All too often, when feeling strong emotions, we feel justified in lashing out. And by doing so, we believe we’re addressing the problem. But this usually creates more conflict and escalates the situation.
So, should we internalize our strong emotions? No. By repressing our feelings instead of acknowledging them, we create more stress, which leads to more emotional turmoil around us.
To manage your emotions, please keep in mind the following:
- Feelings are fluid and always changing. When feeling angry, slighted, or defensive, we tend to respond in ways that we later regret. When feeling strong emotions, stop and resist initial reactions.
- Don’t take it personally. Be mindful that others around you may also feel strong emotions and end up lashing out at you. Don’t take it personally. Realize that they are seeing their reality through a different lens of experience and history. Refrain as best you can from adding fuel to their fire.

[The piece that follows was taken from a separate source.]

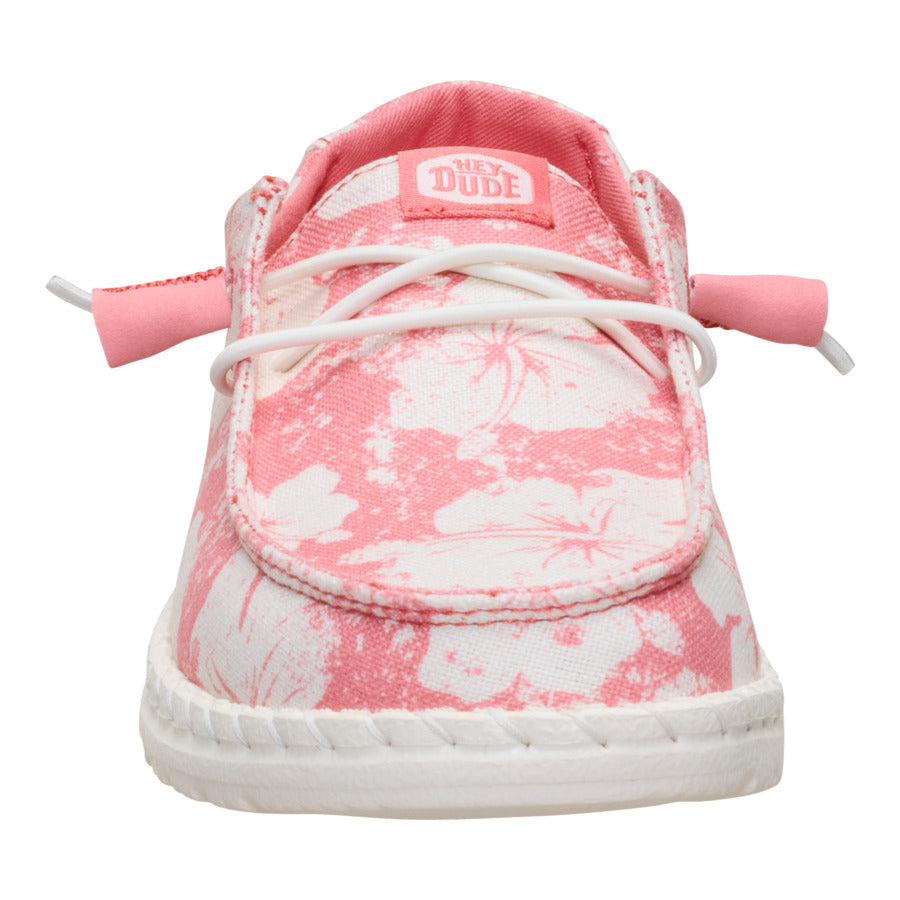 Wendy Hawaiian – Coral/White - Image 4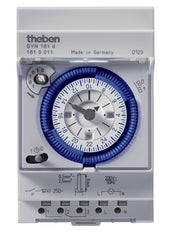 Theben SYN 161D Analog DIN Rail Time Switch - 1610011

- Hurt people hurt people. When someone is angry, that’s often the surface emotion with deeper sadness, disappointment, or expectation lying underneath. When we act out in anger, it can indicate a vulnerability that is causing the individual to respond with defense mechanisms, with anger and frustration being common reactions. Trying to see through by listening and being civil.
- Feelings aren’t always real. When something out of control happens, we tend to believe everything our feelings tell us: “I’m a terrible parent” or “I knew that they wouldn’t invite me to lunch. I must not be that fun to be around.” These are all thoughts that can take place in milliseconds and have a long-term impact. The notion that you feel it must mean it’s true is blatantly false when in the heat of the moment.
- Breathe through the rollercoaster. Not enough can be said about centered breathing. When feeling strong emotions, allow yourself to feel whatever you feel, accept it, and breathe deeply for several minutes. Focus on your breathing and relax your body with each exhale. This tends to evaporate the strong emotions and replaces them with lucid, calm thoughts and reactions.
To improve your long-term mental health, the following self-care tips can help:
- Realize that self-care is a process. Consider your needs and seek out activities and habits that replenish your energy—so that you can continue to move forward.
- Develop good physical health habits. Commit to maintaining an exercise routine and a healthy diet that works for you.
- Practice mindfulness and meditation. These practices and spirituality also refuel the body and mind.
Keep in mind your Assistance Program is here to provide confidential support during these challenging times.